2: The States seceded from Great Britain and eventually formed the compact created by the Articles of Confederation (ratified 1781). They then seceded from the government created by the Articles in order to form a new Union governed by the Constitution of the United States (ratified 1787-1790; came into effect 21 June 1788, when New Hampshire became the ninth State to ratify in accordance with the requirements laid out in Article VII). Many of the Founding Fathers, the so-called Anti-Federalists, opposed the adoption of the U.S. Constitution because they believed it created a central government so powerful that the States would be consolidated and destroyed.[4]

The proponents of the document, the so-called Federalists, promised the Constitution would protect the rights and powers of the States.[5] It is telling that, throughout all of the heated debates over ratification, no one brought up treason. There were rumblings about the delegates at the Philadelphia Convention exceeding their authority – after all, they had been sent there to amend the Articles, not create a new document – but no one, absolutely no one, questioned the right of the States to alter, abolish, or leave the compact formed under the Articles of Confederation, despite the fact that their full name was the “Articles of Confederation and Perpetual Union.”[6]

Indeed, the basis for questioning the actions of the delegates at Philadelphia rested on the fact that the States had not granted them the authority to draft a new governing document. If secession from the Articles of Confederation was treason, why did the Anti-Federalists not call the Federalists out for advocating it? Obviously, it was because the States are free, independent, and sovereign. Joining, editing, or leaving a compact/alliance/federation is not treason. It is one of those things which “Independent States may of right do.” This fact was so obvious at the time that no one felt the need to reiterate it.

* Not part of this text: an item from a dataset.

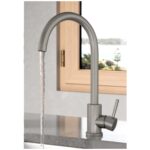 Scudo Manhattan Brushed Stainless Steel Kitchen Mixer Tap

If any of the Anti-Federalists had advanced such an argument, he would have been laughed at and dismissed for the idea’s absurdity.  

3: The Constitution was sold to the State ratifying conventions as a form of union which would preserve the pre-existent authority and sovereignty of the States while simultaneously correcting the defects of the Articles. This is why the Constitution refers to the States in the plural throughout the text. This is why the Constitution only applies to the States “so ratifying the same.”[7]

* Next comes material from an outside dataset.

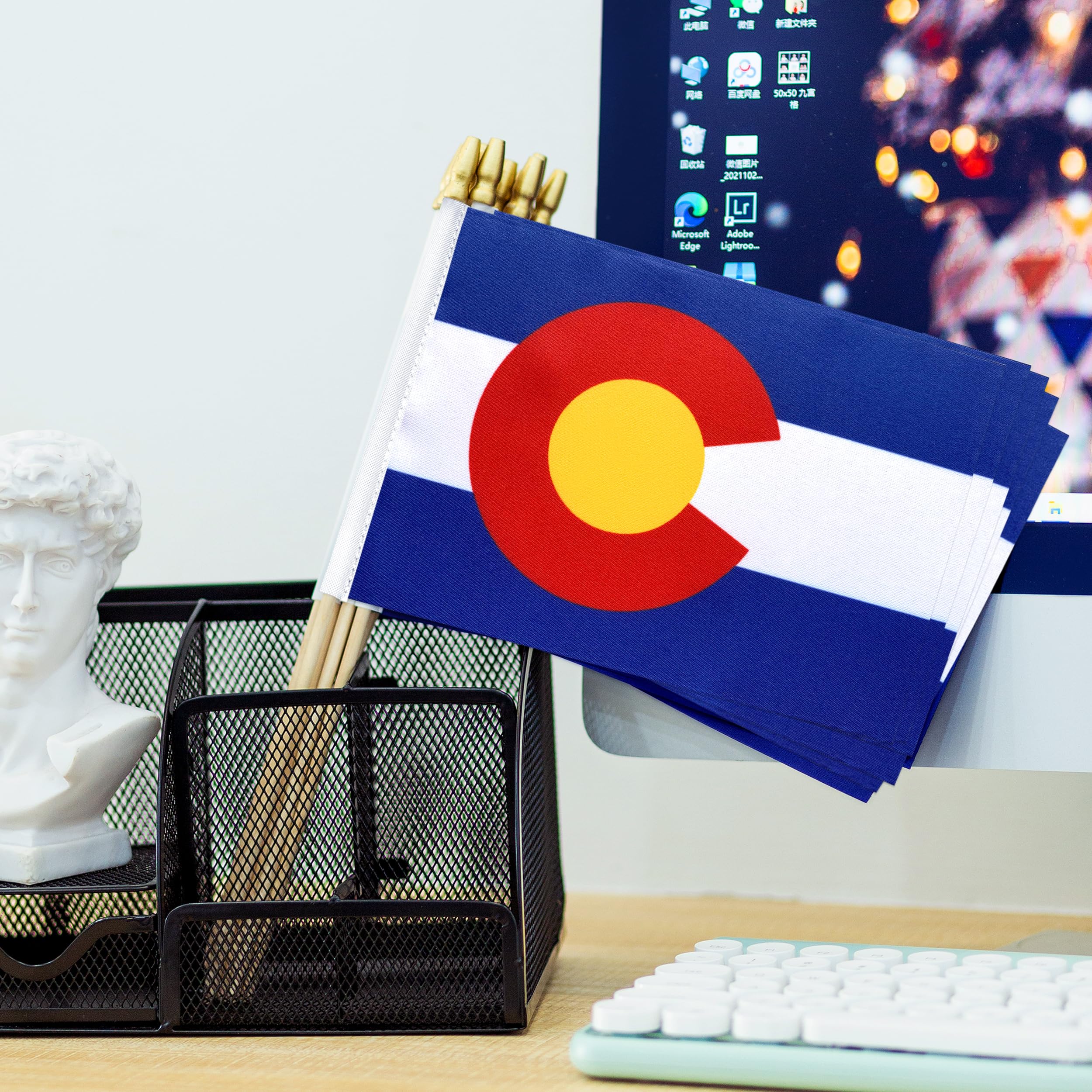 20 Bandiere Portatili Del Colorado 12,7x20,3 Cm - Mini Bandiere Su Asta Di Legno Con Punta A Lancia, Per Feste Ed Eventi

If a State did not ratify the Constitution (as Rhode Island refused to do until 1790), the Constitution had no authority in or over that State. That being the case, if a State rescinds its ratification, if it no longer consents to be governed by the Constitution, then that document no longer holds any authority in or over the seceded State. The States acceded to the compact of their own free will. The States alone have the authority to amend the compact.[8] Why may they not leave if they so choose?

“The state governments represent the wishes, and feelings, and local interests, of the people. They are the safeguard and ornament of the Constitution; they will protract the period of our liberties; they will afford a shelter against the abuse of power, and they will be the natural avengers of our violated rights.” –Fisher Ames of Massachusetts

4: Prior to ratifying the Constitution, the States had the right to secede from Great Britain, and to secede from the Articles of Confederation. Ratification of the Constitution did not deprive the States of that right. If secession were treason according to the Constitution, surely someone would have objected when three States reserved their right to secede from the Union as a condition for their ratification of the Constitution. No one did.

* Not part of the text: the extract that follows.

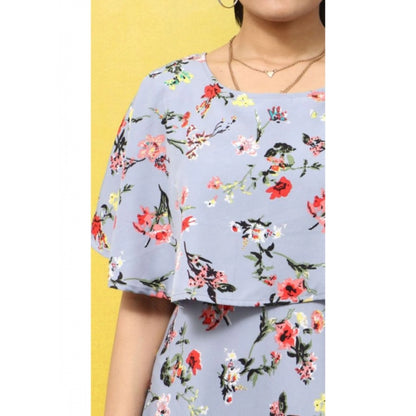 PKRKART Women's Crepe Floral Half Sleeves Full Length Gown(Light Grey)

Virginia reserved the right of secession to herself when she included the following in her ratification on 26 June 1788: “…the powers granted under the Constitution being derived from the People of the United States may be resumed by them whensoever the same shall be perverted to their injury or oppression and that every power not granted thereby remains with them and at their will…” New York reserved the right of secession to herself when she included the following in her ratification on 26 July 1788: “…the Powers of Government may be reassumed by the People, whensoever it shall become necessary to their Happiness…” Rhode Island reserved the right of secession to herself when she included the following in her ratification on 29 May 1790: “…every other power, jurisdiction, and right, which is not by the said constitution clearly delegated to the Congress of the United States or to the departments of government thereof, remain to the people of the several states, or their respective State governments to whom they may have granted the same…”

The States are on equal footing with one another. If Virginia, New York, and Rhode Island have the right to secede, so do all the rest.

5: If secession was treason, surely the Constitution would say so. It does not. If secession was treason, surely the United States government would have been delegated the authority to prevent States from leaving. No such authority was or has been delegated. As James Madison wrote in Federalist No. 45: “The powers delegated by the proposed Constitution to the federal government are few and defined.”[9] This is reflected by the Constitution itself – the powers of the federal government are positively delegated and specifically enumerated. It has no powers other than those granted by the Constitution. It is an agent of the States, an employee, and has been delegated specific powers in order to carry out specific functions; it has no pre-existing authority or powers; all of the authority it possesses, indeed, its very existence, comes from the Constitution, which was written on behalf of and ratified by the States.  The Tenth Amendment to the U.S. Constitution says: “The powers not delegated to the United States by the Constitution, nor prohibited by it to the States, are reserved to the States respectively, or to the people.” The Founding Fathers were unequivocally clear upon this point. If the Constitution does not delegate authority on a given subject, the Federal government has no authority on that subject. 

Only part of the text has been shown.